(SOURCE MATERIAL Opens)

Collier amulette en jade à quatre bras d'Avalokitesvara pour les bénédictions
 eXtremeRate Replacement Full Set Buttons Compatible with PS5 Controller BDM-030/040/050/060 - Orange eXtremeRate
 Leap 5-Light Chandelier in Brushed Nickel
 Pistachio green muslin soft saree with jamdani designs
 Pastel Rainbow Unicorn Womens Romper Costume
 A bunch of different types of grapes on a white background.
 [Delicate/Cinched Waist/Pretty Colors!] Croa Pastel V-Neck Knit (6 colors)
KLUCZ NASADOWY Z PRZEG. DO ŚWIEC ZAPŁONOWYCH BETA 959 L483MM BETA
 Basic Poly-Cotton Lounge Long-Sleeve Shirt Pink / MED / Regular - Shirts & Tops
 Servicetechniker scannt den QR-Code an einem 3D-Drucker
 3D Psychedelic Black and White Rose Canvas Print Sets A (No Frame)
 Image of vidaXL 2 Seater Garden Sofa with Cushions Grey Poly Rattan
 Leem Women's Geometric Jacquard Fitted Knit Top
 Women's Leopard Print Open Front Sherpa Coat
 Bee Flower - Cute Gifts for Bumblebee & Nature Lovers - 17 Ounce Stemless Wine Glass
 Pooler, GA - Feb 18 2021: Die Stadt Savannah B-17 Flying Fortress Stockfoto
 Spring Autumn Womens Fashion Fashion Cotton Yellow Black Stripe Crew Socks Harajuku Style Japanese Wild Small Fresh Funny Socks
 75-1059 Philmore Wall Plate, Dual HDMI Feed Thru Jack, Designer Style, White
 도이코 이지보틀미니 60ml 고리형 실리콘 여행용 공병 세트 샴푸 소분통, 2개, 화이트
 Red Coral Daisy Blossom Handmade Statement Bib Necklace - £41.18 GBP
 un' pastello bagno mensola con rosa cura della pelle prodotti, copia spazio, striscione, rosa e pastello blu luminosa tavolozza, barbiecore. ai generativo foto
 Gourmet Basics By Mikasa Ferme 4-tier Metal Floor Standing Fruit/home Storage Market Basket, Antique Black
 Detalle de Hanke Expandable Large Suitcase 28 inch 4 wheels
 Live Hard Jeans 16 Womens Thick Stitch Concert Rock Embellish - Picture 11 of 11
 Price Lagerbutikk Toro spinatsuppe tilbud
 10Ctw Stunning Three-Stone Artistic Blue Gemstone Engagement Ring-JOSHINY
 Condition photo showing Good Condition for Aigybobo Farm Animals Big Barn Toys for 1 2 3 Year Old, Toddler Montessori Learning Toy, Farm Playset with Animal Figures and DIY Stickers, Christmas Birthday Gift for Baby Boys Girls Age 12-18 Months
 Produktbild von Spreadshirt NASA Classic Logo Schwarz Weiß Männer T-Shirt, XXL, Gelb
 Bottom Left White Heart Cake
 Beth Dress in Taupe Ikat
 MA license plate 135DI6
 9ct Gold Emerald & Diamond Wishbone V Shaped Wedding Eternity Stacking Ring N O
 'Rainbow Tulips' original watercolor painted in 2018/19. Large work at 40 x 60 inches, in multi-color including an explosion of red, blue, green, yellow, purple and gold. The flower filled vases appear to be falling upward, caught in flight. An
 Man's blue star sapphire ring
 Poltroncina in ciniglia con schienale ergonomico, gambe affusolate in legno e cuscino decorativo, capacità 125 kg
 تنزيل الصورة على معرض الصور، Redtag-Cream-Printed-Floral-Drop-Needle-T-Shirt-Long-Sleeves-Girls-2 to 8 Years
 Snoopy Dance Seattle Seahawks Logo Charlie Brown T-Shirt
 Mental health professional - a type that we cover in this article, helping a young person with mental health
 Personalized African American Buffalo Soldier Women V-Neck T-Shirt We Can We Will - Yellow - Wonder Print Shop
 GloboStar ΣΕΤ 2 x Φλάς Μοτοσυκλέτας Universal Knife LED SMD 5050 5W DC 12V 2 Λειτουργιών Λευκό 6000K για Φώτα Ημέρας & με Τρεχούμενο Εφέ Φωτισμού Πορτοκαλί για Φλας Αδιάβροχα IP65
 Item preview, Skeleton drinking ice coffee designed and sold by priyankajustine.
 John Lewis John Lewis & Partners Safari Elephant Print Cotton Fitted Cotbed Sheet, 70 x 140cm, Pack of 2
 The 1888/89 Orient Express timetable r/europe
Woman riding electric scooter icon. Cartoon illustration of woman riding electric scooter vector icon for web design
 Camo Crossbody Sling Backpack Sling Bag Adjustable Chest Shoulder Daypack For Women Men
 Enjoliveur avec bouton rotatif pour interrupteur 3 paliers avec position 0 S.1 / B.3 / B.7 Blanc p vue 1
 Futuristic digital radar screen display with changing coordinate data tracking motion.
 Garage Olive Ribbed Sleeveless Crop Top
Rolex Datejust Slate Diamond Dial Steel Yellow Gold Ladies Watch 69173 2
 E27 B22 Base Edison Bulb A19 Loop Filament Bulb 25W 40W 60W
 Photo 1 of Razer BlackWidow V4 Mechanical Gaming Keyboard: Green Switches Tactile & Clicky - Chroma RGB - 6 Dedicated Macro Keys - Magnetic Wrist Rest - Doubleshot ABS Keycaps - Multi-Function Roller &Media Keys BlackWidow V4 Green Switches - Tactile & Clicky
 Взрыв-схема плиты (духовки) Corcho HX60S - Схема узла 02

(SOURCE MATERIAL Closes)

-- TASK DESCRIPTION --
In the entries above, find each line containing the string "Fitted" and copy it.

-- OUTPUT FOR THIS EXERCISE --
 Leem Women's Geometric Jacquard Fitted Knit Top
 John Lewis John Lewis & Partners Safari Elephant Print Cotton Fitted Cotbed Sheet, 70 x 140cm, Pack of 2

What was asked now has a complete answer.